Referências Bibliográficas:
BRASIL. Constituição da República Federativa do Brasil: promulgada em 5 de outubro de 1988. Disponível em: <http://www.planalto.gov.br/ccivil_03/ constituicao/constituiçao.htm>. Acesso em 30 ago. 2020.
BRASIL. Estatuto dos Militares: instituído pela Lei nº 6.880, de 9 de dezembro de 1980. Disponível em: <http://www.planalto.gov.br/ccivil_03/leis/l6880.htm>. Acesso em 30 ago. 2020.
BRASIL. Regulamento Disciplinar do Exército (R-4): aprovado pelo Decreto nº 4.346, de 26 de Agosto de 2002. Disponível em: <http://www.planalto.gov.br/ ccivil_03/decreto/2002/D4346.htm>. Acesso em 20 ago. 2020.
CÂNDIDO, Joel J. Direito Eleitoral Brasileiro. 8. ed. Bauru: Edipro, 2000.

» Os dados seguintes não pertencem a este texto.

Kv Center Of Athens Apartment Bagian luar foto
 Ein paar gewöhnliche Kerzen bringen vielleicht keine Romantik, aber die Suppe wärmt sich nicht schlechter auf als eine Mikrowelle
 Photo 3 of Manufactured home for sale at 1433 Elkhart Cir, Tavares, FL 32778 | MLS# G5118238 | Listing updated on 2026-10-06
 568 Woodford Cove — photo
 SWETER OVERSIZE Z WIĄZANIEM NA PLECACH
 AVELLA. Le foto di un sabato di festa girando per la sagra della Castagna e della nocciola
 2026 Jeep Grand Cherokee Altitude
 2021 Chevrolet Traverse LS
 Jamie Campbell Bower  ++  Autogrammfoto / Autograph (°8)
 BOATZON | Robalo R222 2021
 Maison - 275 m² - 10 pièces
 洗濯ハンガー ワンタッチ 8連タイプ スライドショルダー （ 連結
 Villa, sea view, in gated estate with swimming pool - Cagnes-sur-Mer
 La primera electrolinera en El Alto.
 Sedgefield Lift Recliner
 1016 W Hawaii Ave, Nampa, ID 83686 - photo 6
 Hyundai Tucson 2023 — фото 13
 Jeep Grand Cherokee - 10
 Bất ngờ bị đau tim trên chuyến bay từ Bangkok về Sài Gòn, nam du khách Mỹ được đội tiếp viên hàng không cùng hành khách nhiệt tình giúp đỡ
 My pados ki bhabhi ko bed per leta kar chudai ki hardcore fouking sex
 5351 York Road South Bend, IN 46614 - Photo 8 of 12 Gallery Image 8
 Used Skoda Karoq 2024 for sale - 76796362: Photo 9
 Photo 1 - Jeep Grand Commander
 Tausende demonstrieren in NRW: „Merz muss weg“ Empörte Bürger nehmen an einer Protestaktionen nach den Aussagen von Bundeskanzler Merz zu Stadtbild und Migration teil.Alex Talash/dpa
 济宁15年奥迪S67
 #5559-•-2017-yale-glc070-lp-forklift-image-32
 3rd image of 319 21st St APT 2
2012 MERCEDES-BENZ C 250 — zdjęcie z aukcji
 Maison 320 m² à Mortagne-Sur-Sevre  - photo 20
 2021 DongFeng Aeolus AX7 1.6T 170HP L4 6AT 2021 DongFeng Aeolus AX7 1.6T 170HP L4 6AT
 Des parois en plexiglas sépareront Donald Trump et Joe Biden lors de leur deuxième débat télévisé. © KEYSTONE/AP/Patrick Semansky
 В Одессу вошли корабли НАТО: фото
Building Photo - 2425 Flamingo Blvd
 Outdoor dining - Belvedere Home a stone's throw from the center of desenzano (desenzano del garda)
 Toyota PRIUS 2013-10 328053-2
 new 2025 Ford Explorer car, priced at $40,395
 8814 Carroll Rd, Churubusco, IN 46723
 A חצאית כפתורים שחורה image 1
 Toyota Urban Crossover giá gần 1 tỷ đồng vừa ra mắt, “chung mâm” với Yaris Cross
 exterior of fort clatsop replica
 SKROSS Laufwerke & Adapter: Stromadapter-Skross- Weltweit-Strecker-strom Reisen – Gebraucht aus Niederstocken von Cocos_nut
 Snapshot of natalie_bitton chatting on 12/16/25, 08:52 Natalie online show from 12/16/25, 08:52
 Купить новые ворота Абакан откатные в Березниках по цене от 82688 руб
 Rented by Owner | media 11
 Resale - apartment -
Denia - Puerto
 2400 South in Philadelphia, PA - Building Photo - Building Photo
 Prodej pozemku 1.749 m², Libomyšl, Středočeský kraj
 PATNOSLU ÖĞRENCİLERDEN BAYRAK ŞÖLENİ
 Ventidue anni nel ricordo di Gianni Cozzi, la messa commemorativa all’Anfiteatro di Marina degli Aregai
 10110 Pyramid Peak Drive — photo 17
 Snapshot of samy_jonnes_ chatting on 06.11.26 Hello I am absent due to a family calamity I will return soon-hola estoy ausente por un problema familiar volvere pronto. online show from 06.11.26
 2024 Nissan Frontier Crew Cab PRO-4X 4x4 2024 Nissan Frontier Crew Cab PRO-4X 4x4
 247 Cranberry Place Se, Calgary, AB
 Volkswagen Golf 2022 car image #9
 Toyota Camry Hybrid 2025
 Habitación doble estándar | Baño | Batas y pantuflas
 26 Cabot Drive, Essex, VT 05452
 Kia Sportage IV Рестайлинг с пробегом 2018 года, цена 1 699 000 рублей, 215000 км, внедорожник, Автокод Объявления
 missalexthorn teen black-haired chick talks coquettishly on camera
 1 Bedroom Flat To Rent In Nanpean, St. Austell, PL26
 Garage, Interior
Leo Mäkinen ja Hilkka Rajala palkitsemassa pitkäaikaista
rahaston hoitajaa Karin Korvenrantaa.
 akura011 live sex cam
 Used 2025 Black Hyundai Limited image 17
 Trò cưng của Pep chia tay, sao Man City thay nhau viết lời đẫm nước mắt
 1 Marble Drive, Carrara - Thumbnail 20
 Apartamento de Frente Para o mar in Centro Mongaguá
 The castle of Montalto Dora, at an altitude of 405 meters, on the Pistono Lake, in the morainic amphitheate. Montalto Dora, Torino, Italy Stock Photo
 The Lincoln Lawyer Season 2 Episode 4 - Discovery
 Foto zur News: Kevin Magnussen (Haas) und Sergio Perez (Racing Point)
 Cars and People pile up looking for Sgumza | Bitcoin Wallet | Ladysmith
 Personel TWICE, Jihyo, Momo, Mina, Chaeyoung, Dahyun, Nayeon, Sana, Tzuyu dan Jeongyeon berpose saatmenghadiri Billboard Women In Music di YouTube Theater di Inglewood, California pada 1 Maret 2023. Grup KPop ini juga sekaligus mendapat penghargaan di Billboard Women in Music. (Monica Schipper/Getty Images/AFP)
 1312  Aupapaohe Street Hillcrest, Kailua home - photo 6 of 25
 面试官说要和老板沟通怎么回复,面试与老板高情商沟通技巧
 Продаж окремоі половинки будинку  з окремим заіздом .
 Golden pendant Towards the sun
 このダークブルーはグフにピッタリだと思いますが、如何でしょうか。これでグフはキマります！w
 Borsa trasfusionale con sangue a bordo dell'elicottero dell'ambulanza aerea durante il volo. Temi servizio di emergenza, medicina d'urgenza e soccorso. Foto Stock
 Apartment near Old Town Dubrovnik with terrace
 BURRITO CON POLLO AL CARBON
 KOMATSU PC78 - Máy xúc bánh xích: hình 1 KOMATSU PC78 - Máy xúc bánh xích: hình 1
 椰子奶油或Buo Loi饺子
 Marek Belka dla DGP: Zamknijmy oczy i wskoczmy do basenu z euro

CARVALHO, José Murilo de. Cidadania no Brasil. O longo caminho. 3. ed. Rio de Janeiro: Civilização Brasileira, 2002.
Notas:
[1] CARVALHO, José Murilo de. Cidadania no Brasil. O longo caminho. 3. ed. Rio de Janeiro: Civilização Brasileira, 2002. p. 29-30.
[2] Ibidem, p. 40.
[3] CÂNDIDO, Joel J. Direito Eleitoral Brasileiro. 8. ed. Bauru: Edipro, 2000. p. 80.